The Church’s liturgical calendar has us celebrating the 40th day following the Resurrection of Jesus. Ascension Thursday is a point in our Catholic faith and one that is re-affirmed in the Creed.
Also on today’s liturgical calendar of the Latin Church is the feast day of our father among the saints, Philip Neri. The USA has several Oratories.
St. Philip, also known affectionately as “Pippo buono,” or “good little Phil,” wanted to be a missionary, but found that his mission territory was the City of Rome in the early 1500s during the Counter Reformation. He was a contemporary of several saints and founders of religious order. Philip founded the Congregation of the Priests of the Oratory and died in 1595.
Neri was known for his good cheer and extraordinary sense of humor. He was ordained priest in 1551 and exercised his priesthood notably in the confessional and preaching. And this became the hallmark of the Congregation of the Oratory.

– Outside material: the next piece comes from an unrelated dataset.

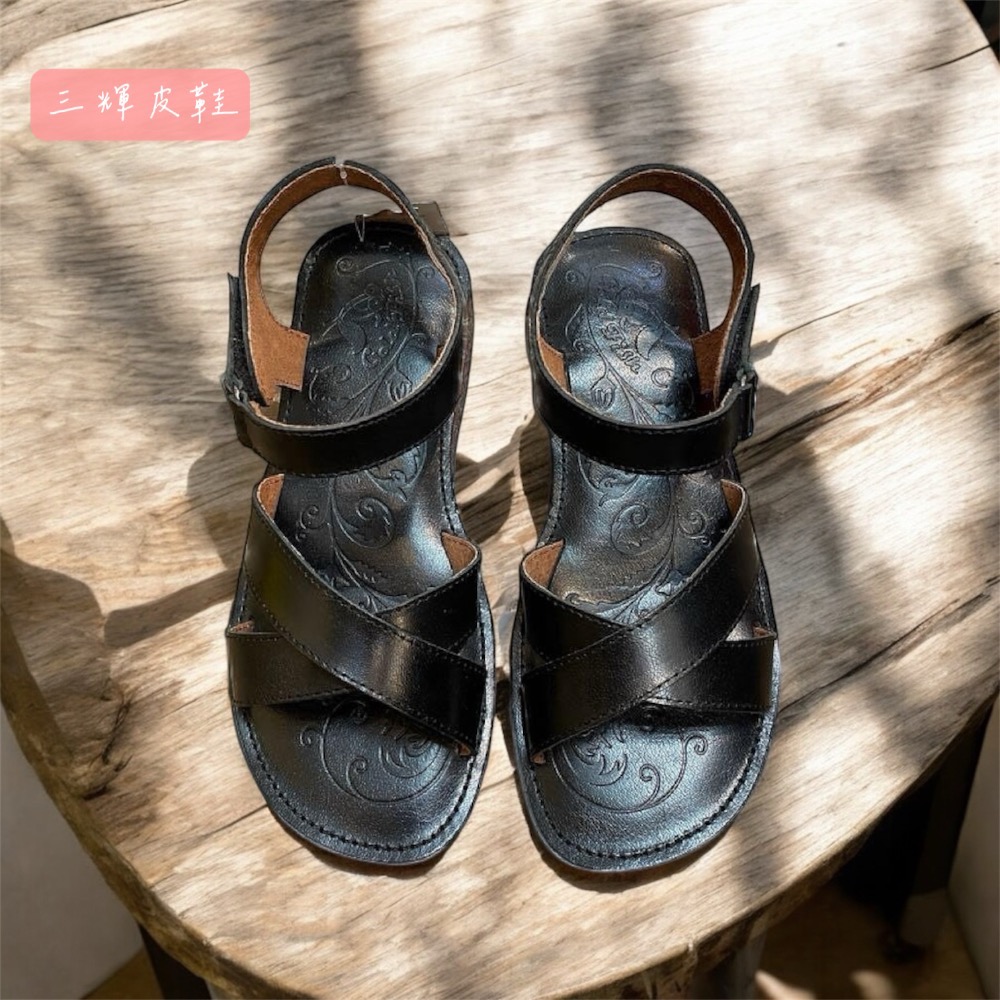 三輝皮鞋台灣製手工全真皮 牛皮超防滑生膠底鞋底縫線 素色交叉魔鬼氈平底涼鞋MIT寬楦拇指外翻適用老師傅手工鞋底縫製文青-細節圖4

Moreover, Neri placed significant emphasis the role of the laity in the Church thus believing that holiness was attainable for the laity –not just for the professional Catholics –monks, nuns, priests. While other religious order had third order laity groups, e.g., the Franciscans, Dominicans, oblates, and the like, the laity connected to the Oratorians were not treated as a third order, but as a first order. The Oratory existed to serve the needs of the laity. In some ways, Neri’s missionary impulse for the city of Rome became the seeds of what we call today the Universal Call to Holiness (Cf. V2 and the Opus Dei).
St. Philip Neri held: “Cheerfulness strengthens the heart and helps us to persevere. A servant of God ought always to be in good spirits. Charity and cheerfulness, or charity and humility, should be our motto.” From the perspective of St. Philip, joy and humility were indispensible from one another and essential for a healthy Christian life.